Giacomo had a sister, a Mrs. Dabb, who lived in London. She had married a provision dealer in the Borough, and he employed not only a staff of assistants, but a couple of clerks. Mrs. Dabb, oddly enough, was a fair-haired woman, with blue eyes and a rosy complexion. She had rather a wide, plump face, and wore her hair in ringlets. She lived at the shop, but she had a drawing-room over it with a circular table in the middle, and round it lay the "Keepsake" and "Friendship's Offering," in red silk, with Mrs.
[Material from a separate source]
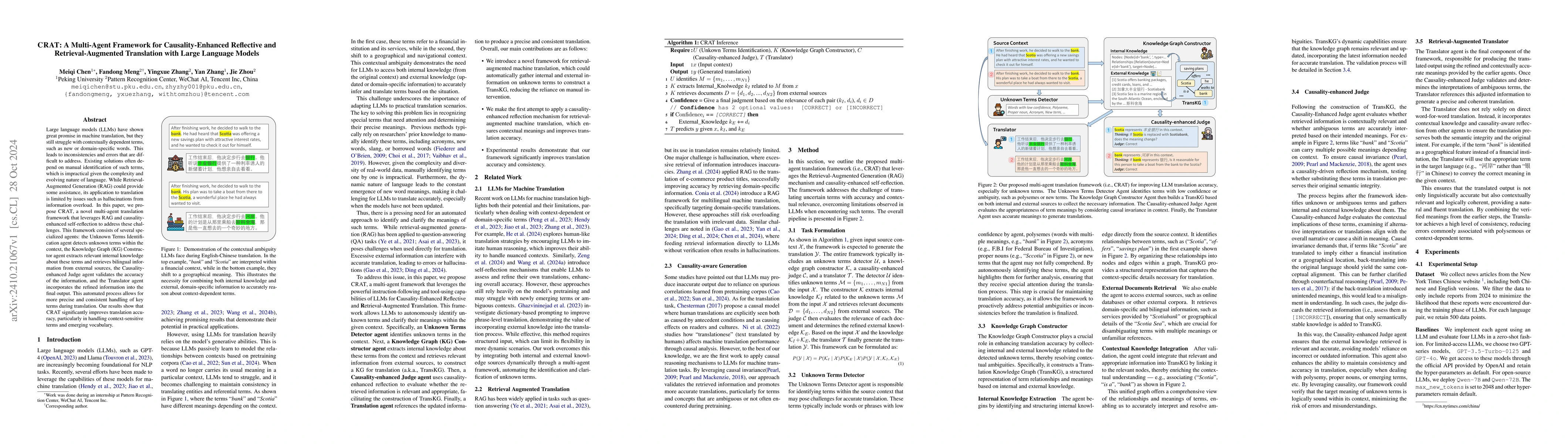 Thumbnail for CRAT: A Multi-Agent Framework for Causality-Enhanced Reflective and
  Retrieval-Augmented Translation with Large Language Models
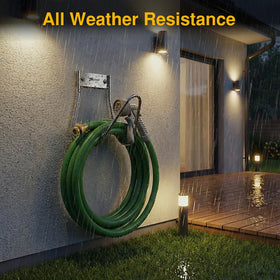 JBscoop garden hose holder in garage, organized workspace example.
Hemans' and Mr. Montgomery's poetry. Into these she occasionally looked, and refreshed herself by comparing her intellect with that of the female kind generally. She desired above everything not to be considered commonplace, believed in love at first sight, was not altogether unfavourable to elopements, carefully repressed any tendency to unnecessary order, wore a loose dressing-gown all the morning, had her breakfast in bed, let her hair stray a little over her face, cultivated a habit of shaking it off and pushing it back with her fingers, and generally went as far to be thought a little "wild" as was possible for the wife of a respectable, solid, eminently British, close-fisted Borough tradesman. Nevertheless she had a huge appetite, and always had ham or sausages for tea. Giacomo she despised, on the ground that his occupation was so limited, that it contracted the imagination, and that he did not "live in the metropolis, but vegetated in a country town." She consequently very seldom visited Cowfold, and very seldom wrote to her brother. Giacomo, however, thought it his duty to tell his sister of his approaching marriage; and Mrs. Dabb, who was endowed with great curiosity, replied that, if it was quite agreeable, she would come to Cowfold for two or three days to make the acquaintance of Mrs. Brooks and obtain a change of air, as she had suffered somewhat from feelings of languor of late and a little fever on the nerves. Accordingly she came, and in a short time saw what was the state of affairs between Miriam and her father. She rather liked Miriam, chiefly for her defects; and as Giacomo had been a little freer than usual with his sister one evening, and had expressed his fears that Miriam and Mrs. Brooks would not agree, Mrs. Dabb gave him some advice.
"Miriam, my dear Giacomo, is a bit of a genius, untamed and irregular, reminding me something of myself."